If it was me, I would go with LEDs. The cost of the LED is very comparable to flourscent and has a TON of advantages. 

Look through this site, it has a lot of 'how to' making LED spots.


----------



## IshWitch (May 31, 2006)

You can use one of the regular colored lightbulbs, too. The 40 watt don't get that hot. I use them in a clamplight tucked away somewhere like under the telephone stand to give some interest. I haven't had any trouble with them getting overheated and the colored light coming from somewhere unusual is a cool look. 

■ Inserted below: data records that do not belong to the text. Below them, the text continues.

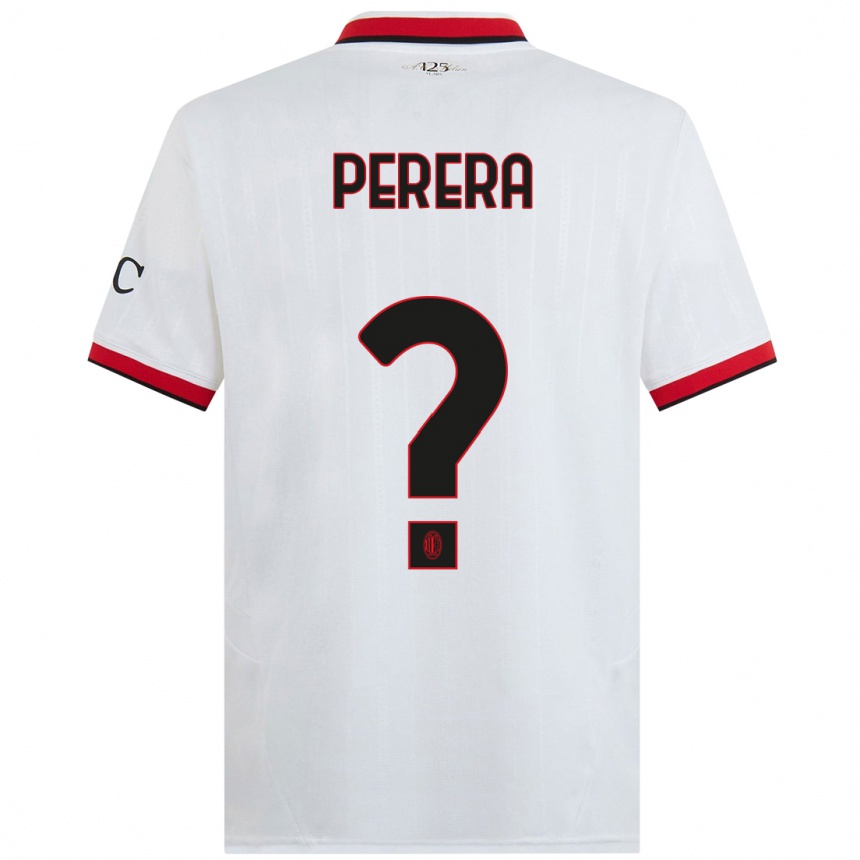 Kids Football Nirash Raffaello Perera #0 White Black Red Away Jersey 2024/25 T-Shirt Uk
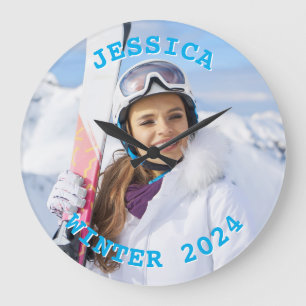 Grande Horloge Ronde Photo de famille Sky Blue Text personnalisée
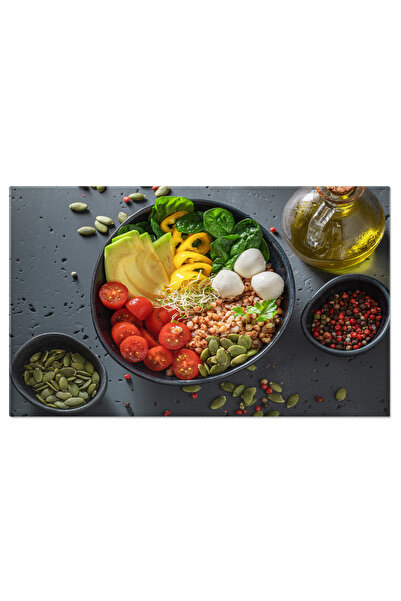 StoryGift Romania Tablou Canvas Salata Delicioasa Cu Ulei De Masline, Legume Si Grau Un Amestec Sanatos Si Savuro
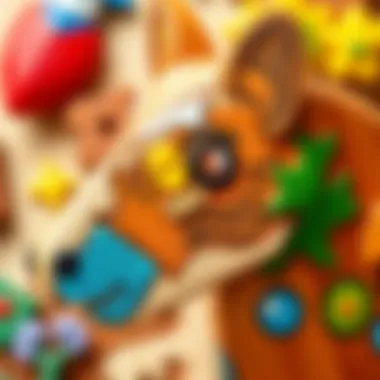 Intricate Designs of a Wooden Animal Puzzle Close-up of a wooden animal puzzle showcasing intricate designs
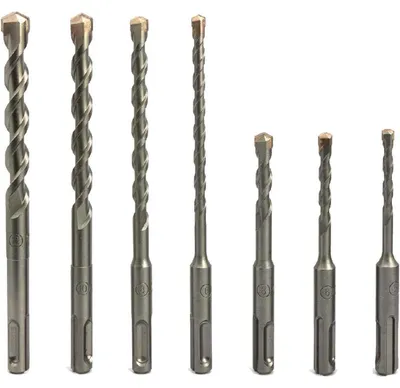 Produktbild von SDS Plus Hammerbohrer Set 7 tlg Beton Stahlbeton Baugranit 5/6/8x110mm 6/8/10/12x160mm PGM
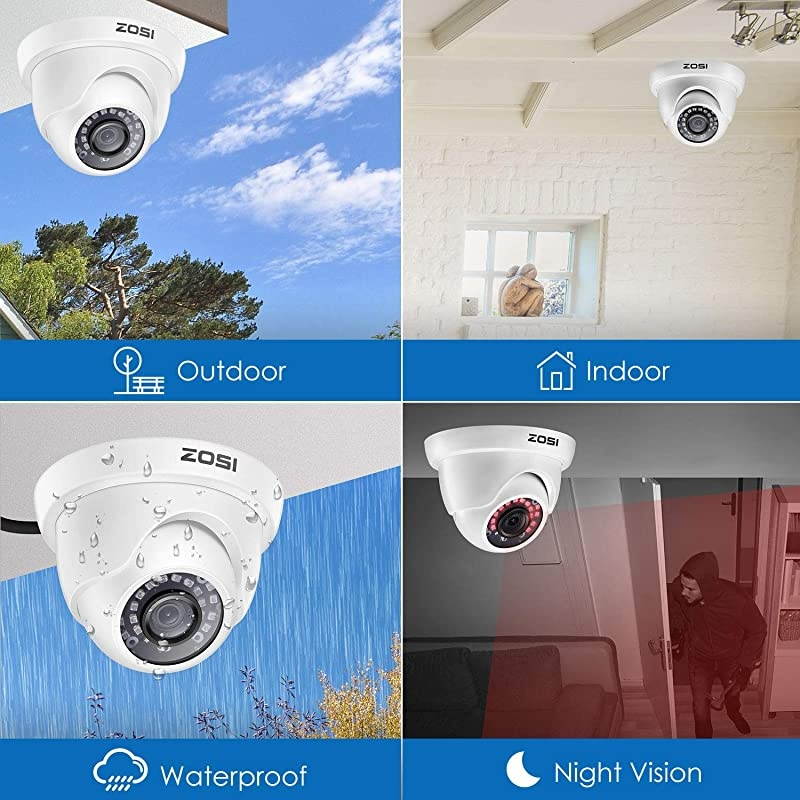 1080P 1920TVL Hybrid 4in1 TVI CVI AHD CVBS Security Surveillance CCTV 20MP HD Dome Camera Weatherproof 65ft IR Day Night Vision For HDTVI AHD CVI and CVBS 960H analog DVR System White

But whatever type of light you pick, play with the angle/direction that the light is shining onto your props. You'd be surprised how something so simple as that can make an impact.


----------



## GraveDiggerGreg (Nov 12, 2006)

Hello,

I use the party red lights in normal lamps with a dimmer in combination with a blacklight tube. This gives the strange effect of the ghost being red at the bottom and blacklight white/blue at the top. The blacklight also hides the red lights as the lamp shades also glow white. Below is an example - the angle shows the FCG rig and the blacklight, but from the street it is hidden. The effect is not only cool from the street, but as there is a party going on inside, it kinds makes the effect interesting than the standard hanging in a crypt or closed window box cuz you can see that nothing is holding it up in the back.


----------



## dynoflyer (Oct 8, 2006)

I've started to see colored compact fluorescents at Wal*Mart and other places. I have seen orange ones (shoulda bought one!) They make very little heat and use only a few watts of electricity, you could make a reflector for it with poster board and tape, too. 

A while ago I posted a 'how to' on making LED spots that's here somewhere. You can buy 100 LED lights on eBay for a few bucks and go crazy. 

df


----------



## Bone Dancer (Oct 7, 2005)

I seen those same lights at menards too , and I think I seen a UV one also.
And I dont think they work well with dimmer switches either.


----------



## Lilly (Jun 13, 2006)

GraveDiggerGreg..
like your FCG nice and different good idea


----------